Thoroughbred racehorse

Tompion (1957–?) was an American Thoroughbred race horse.

==Background==
Immaculately bred, Tompion was the son of the Hall of Fame horse Tom Fool out of the mare Sunlight. His damsire was Count Fleet, the 1943 U.S. Triple Crown champion. During his racing career he was owned by Cornelius Vanderbilt Whitney and trained by Robert L. Wheeler.

==Racing career==
As a two-year-old, Tompion won the Hopeful Stakes, and placed in the Champagne Stakes, the Hollywood Juvenile Championship Stakes, the Saratoga Special Stakes and the Sanford Stakes. He came third in the Garden State Stakes and the Haggin Stakes.

Ridden by Willie Shoemaker, at age three Tompion won the Santa Anita Derby and the Blue Grass Stakes. The favorite going into the 1960 Kentucky Derby, the colt threw a shoe and finished fourth behind winner Venetian Way and runners-up Bally Ache and Victoria Park. After losing the shoe, Tompion's hoof was injured by one of the nails and as a result he missed the Preakness Stakes but still went into the Belmont Stakes as the betting favorite. After a head-to-head duel with Derby winner Venetian Way, he tired in the longer 1½ mile race and finished fourth to winner Celtic Ash. That year Tompion went on to win the Travers Stakes, Bernard Baruch Handicap and Malibu Stakes. He placed in the Jersey Derby, the Lawrence Realization Stakes, and the Leonard Richards Stakes. In the San Miguel Stakes he came home third.
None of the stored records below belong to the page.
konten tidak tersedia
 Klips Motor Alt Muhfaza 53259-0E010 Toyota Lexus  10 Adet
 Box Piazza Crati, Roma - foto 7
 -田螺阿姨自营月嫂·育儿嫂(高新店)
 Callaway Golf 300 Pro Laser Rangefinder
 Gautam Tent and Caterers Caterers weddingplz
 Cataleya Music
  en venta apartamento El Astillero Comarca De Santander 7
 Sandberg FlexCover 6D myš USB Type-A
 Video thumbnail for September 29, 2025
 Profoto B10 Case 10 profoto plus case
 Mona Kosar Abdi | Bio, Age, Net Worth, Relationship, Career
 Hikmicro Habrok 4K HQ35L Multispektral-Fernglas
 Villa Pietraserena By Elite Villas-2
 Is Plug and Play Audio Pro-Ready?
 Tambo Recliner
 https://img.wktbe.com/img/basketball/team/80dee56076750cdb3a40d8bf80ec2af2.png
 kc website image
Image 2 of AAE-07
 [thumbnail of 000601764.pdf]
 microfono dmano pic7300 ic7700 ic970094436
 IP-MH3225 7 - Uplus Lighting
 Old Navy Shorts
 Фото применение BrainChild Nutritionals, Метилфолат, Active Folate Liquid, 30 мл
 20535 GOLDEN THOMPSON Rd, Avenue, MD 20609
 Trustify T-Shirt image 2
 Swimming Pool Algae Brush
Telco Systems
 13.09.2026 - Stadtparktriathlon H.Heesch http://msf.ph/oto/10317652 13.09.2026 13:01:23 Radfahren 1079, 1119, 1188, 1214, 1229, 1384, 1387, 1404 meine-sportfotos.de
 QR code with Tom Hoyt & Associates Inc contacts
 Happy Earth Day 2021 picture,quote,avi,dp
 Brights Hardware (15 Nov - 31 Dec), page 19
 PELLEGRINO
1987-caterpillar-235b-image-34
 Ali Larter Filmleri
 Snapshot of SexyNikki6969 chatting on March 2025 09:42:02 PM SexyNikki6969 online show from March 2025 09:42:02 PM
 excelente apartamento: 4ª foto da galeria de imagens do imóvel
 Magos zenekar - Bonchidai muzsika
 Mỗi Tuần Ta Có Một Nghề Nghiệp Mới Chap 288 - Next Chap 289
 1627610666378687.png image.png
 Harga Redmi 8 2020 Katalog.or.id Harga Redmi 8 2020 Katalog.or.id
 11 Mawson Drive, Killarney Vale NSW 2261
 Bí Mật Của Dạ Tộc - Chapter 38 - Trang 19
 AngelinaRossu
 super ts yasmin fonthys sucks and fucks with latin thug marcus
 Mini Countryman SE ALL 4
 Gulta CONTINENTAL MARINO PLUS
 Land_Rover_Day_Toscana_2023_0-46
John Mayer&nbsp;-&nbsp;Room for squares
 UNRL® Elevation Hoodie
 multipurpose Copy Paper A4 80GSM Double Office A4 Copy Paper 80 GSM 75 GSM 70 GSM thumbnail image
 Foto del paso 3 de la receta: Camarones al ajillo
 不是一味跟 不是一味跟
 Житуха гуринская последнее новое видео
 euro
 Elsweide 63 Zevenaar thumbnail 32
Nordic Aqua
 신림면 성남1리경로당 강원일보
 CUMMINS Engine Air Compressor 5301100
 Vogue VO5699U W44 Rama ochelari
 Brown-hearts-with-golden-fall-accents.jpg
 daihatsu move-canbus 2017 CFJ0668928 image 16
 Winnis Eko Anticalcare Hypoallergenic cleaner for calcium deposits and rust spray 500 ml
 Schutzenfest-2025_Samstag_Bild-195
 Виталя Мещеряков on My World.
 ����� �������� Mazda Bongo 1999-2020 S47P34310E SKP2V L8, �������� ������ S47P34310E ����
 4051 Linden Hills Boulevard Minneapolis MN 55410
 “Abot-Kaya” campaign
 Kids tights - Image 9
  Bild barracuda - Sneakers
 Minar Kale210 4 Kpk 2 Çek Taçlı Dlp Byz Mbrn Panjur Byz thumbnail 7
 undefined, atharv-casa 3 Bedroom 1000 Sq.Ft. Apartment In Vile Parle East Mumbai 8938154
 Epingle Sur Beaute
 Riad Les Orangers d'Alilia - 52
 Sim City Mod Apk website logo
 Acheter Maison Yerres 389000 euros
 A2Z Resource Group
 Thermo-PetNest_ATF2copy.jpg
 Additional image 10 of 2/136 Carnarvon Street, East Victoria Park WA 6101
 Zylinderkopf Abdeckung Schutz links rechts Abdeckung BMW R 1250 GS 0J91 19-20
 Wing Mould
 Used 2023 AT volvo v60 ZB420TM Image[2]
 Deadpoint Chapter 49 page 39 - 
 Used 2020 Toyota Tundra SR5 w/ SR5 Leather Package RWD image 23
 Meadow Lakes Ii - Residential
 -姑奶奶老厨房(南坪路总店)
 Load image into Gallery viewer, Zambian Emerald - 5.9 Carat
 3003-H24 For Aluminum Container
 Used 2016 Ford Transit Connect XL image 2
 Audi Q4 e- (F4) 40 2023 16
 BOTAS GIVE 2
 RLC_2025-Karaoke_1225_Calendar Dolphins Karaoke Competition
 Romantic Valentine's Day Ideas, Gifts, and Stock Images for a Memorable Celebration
Racing at age four, Tompion won the Aqueduct Handicap, placed in the United Nations Handicap, and the San Fernando Stakes. He took third place in the Saratoga Handicap and the Fayette Handicap.

==Stud record==
Tompion was sent to France to stand at stud, and then at the age of 18, went to Japan. He was the sire of eleven stakes winners.